(Stored data entries)
::::::::

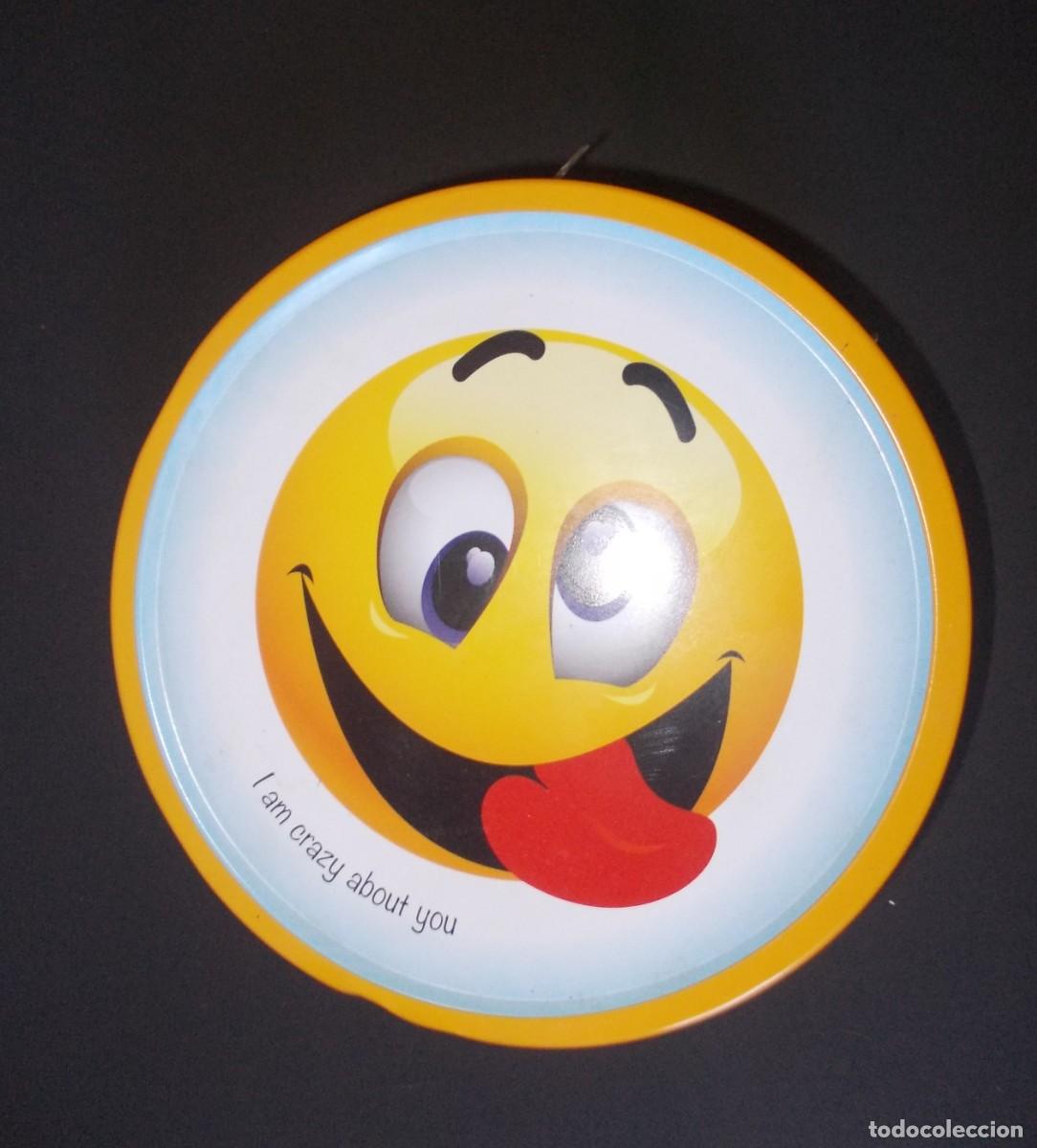 Caixas e caixinhas met&aacute;licas: Lata Caja Chapa Metalica Galletas De Mantequilla Kelsen Group Dinamarca Caritas Emoticonos Redonda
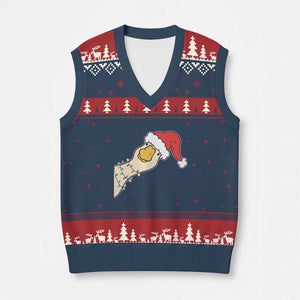 Funny Xmas Silly Goose Festive Holiday V-Neck Knit Sweater Vest TS11 Navy Red Print Your Wear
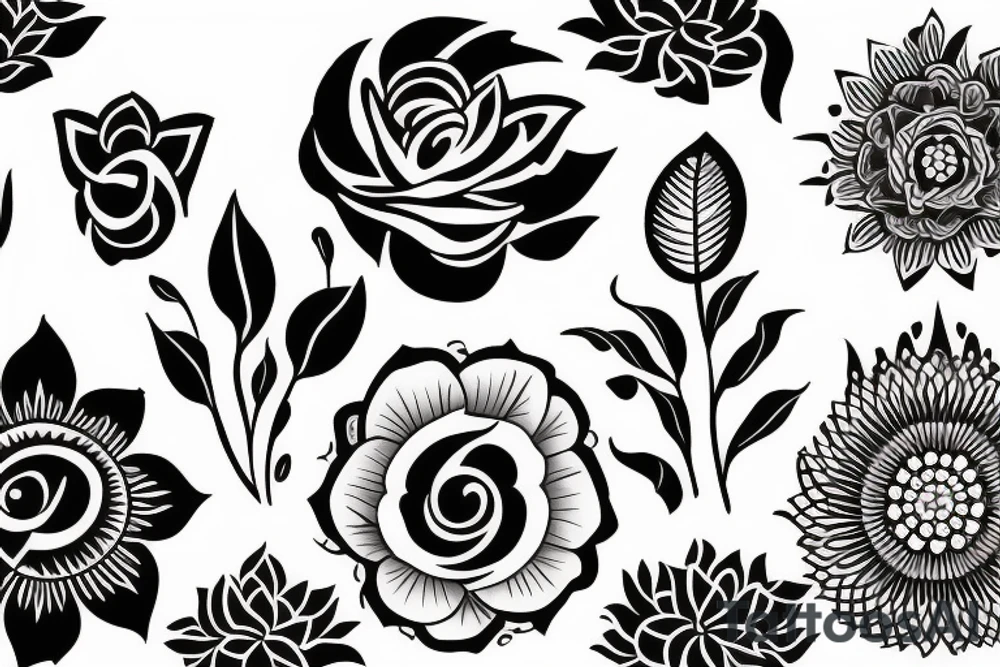 Life cycle nature flowers morning night creation tattoo idea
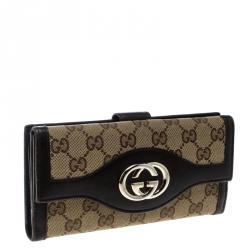Gucci Beige/Brown GG Canvas and Leather Sukey Continental Wallet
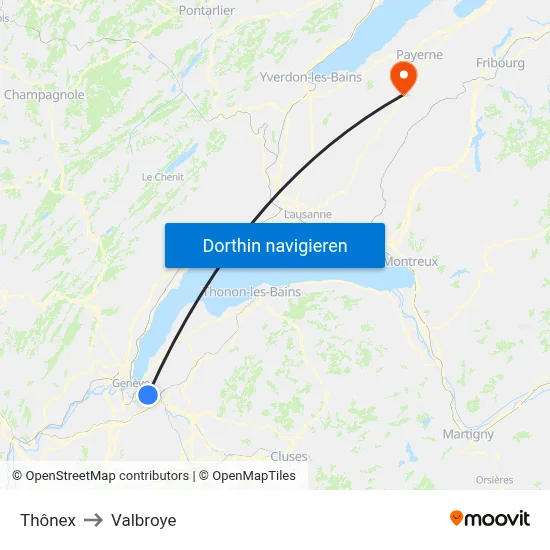 Thônex to Valbroye map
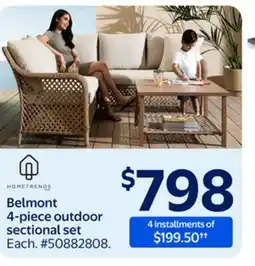 Walmart Belmont 4-piece outdoor sectional set offer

::::::::

Set down the data again, exactly, without images.

 Caixas e caixinhas met&aacute;licas: Lata Caja Chapa Metalica Galletas De Mantequilla Kelsen Group Dinamarca Caritas Emoticonos Redonda
 Funny Xmas Silly Goose Festive Holiday V-Neck Knit Sweater Vest TS11 Navy Red Print Your Wear
 Life cycle nature flowers morning night creation tattoo idea
Gucci Beige/Brown GG Canvas and Leather Sukey Continental Wallet
 Thônex to Valbroye map
 Walmart Belmont 4-piece outdoor sectional set offer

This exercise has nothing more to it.